Manta Diving as seen from water level.
Yellow comb grouper.
Multi-coloured trumpetfish in the Blue Hole cavern.
CAP GARAJAU DESERVES stalker warning signs. The first of several Methuselah grouper swims straight up to the divers in the shallows, only to take its fin off the accelerator at the very last second.
For minutes, man and fish look into each other’s eyes at a hand’s distance, even though Garajau’s big brown grouper have not been served snacks from divers’ BC pockets for ages. Or so I’m told.
The tame seniors must have brilliant memories for fish, because they have been the mascots of Madeira’s underwater world for almost three decades.
No matter how famous they are, the cuddly bass - responsible divers resist the temptation to touch them - represent only a small slice of the biodiversity and under-estimated abundance of fish on the edge of the Gulf Stream.
Every day, squadrons of salema porgies, bream and bastard grunt move across the lava formations near Garajau and elsewhere in the marine park off Madeira’s south coast.

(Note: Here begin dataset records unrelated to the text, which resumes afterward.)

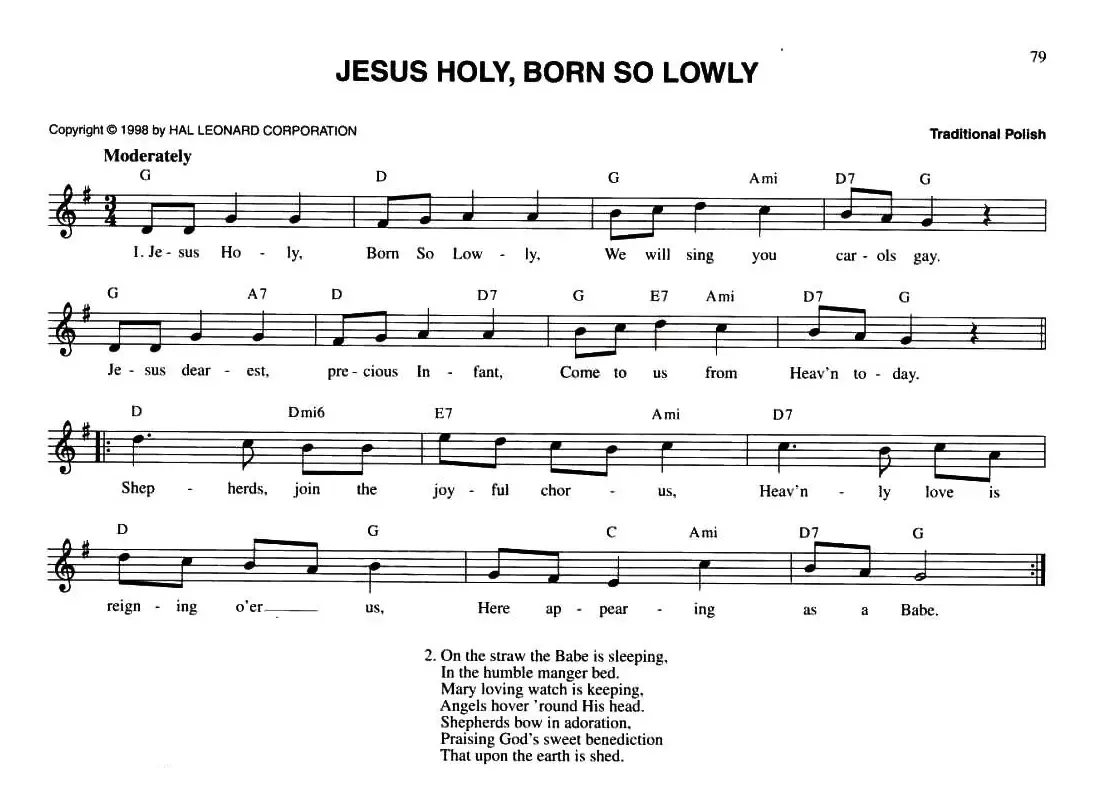 JESUS HOLY,BORN SO LOWLY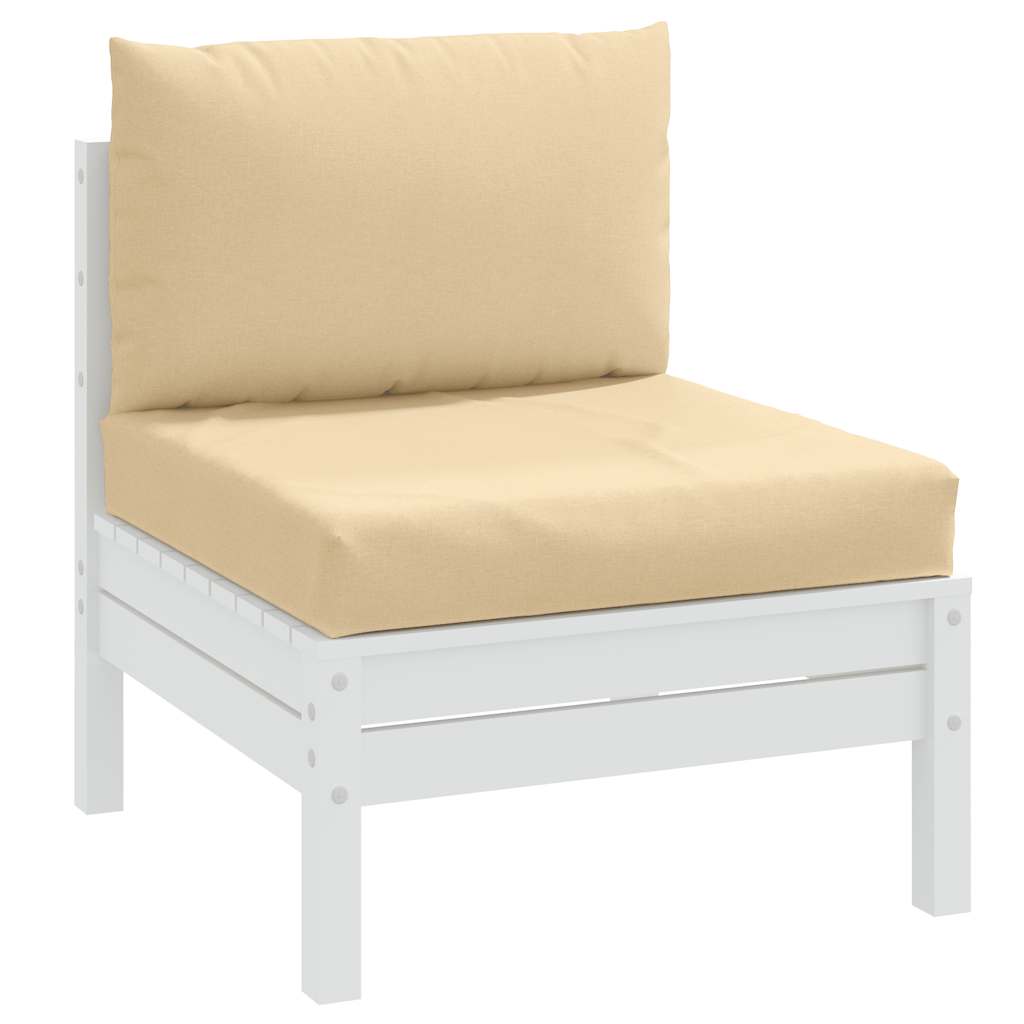 pallehynder 2 stk. stof meleret beige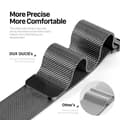 Miniatyrbild 3 av 6: DUX DUCIS Apple Watch 42/44/45/49 mm Armband Milanese Pro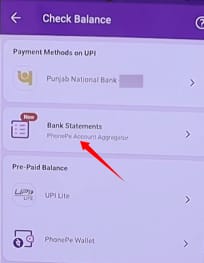 phone pe se bank statement kaise nikale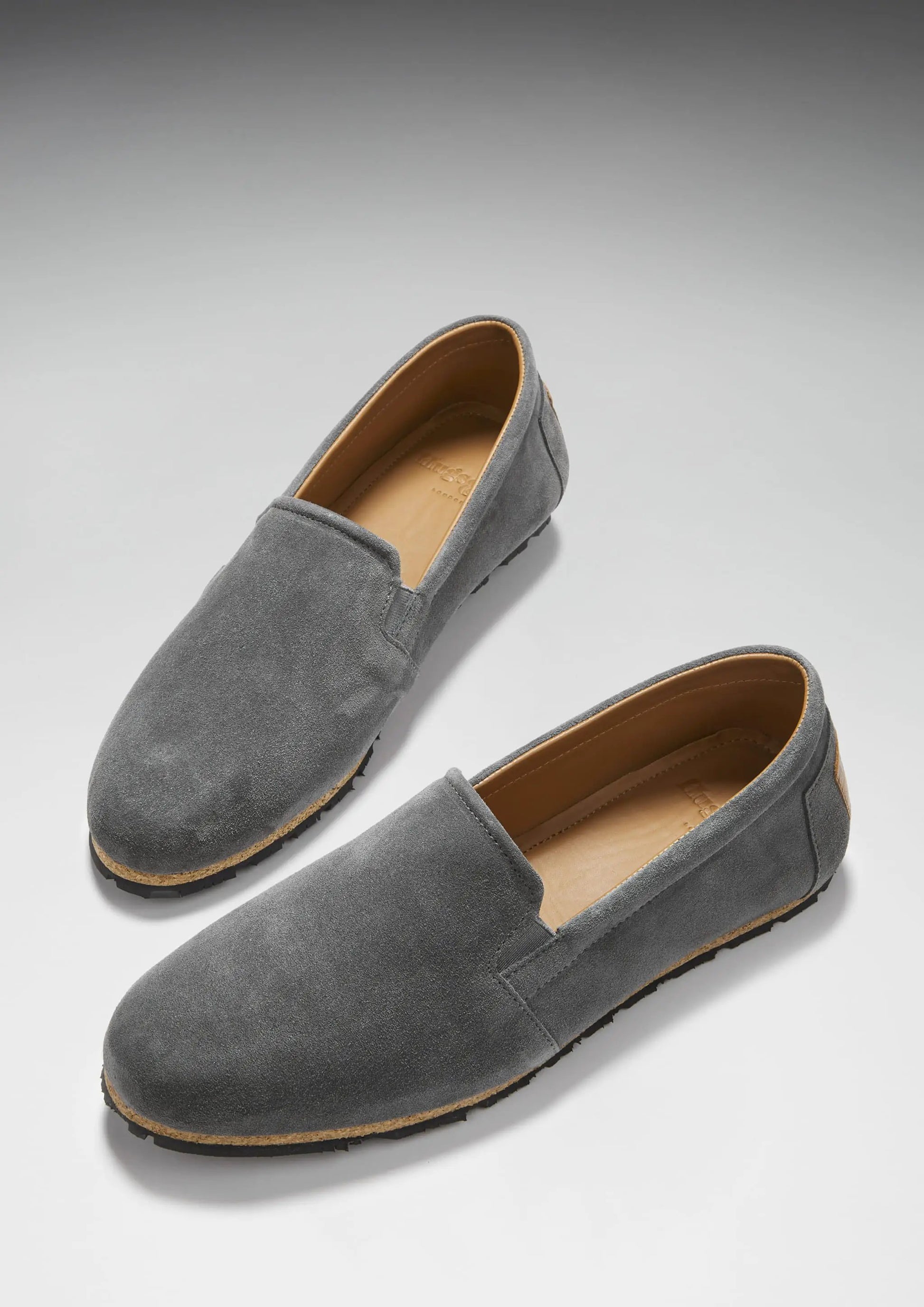 Tyre Sole Espadrilles, charcoal suede by Hugs & Co.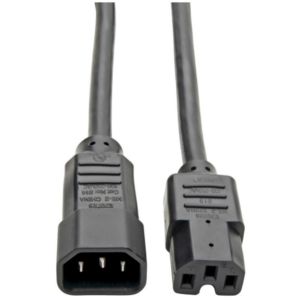 Telin (Hong Kong) C14 to C15 Power Extension Cable (3×0.75mm) 1m – Enterprise High-Temperature Jumper Cable price in srilanka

These typical Mediterranean species join colourful warmwater species such as trumpetfish and striped grunt, along with subtropical club-tipped anemones, sponges and hydrozoans reaching their northern distribution limit off Madeira, to form a visually appealing potpourri.
The obligatory check-dive is all it takes to fall for what is remarkable biodiversity by Atlantic standards. A mere 30 steps and a little jump separate Manta Diving’s gearing-up platform from what’s possibly the best house-reef in the eastern Atlantic. There are grouper here too, though not of the cuddly kind.
Along the spacious lido for the guests of the affiliated hotels Galosol and Galomar, four full-fledged dive-sites can be accessed. Caves, tunnels, canyons, little walls and huge lava boulders, as well as rubble, algae and dark-sand bottoms characterise marine habitats of this region.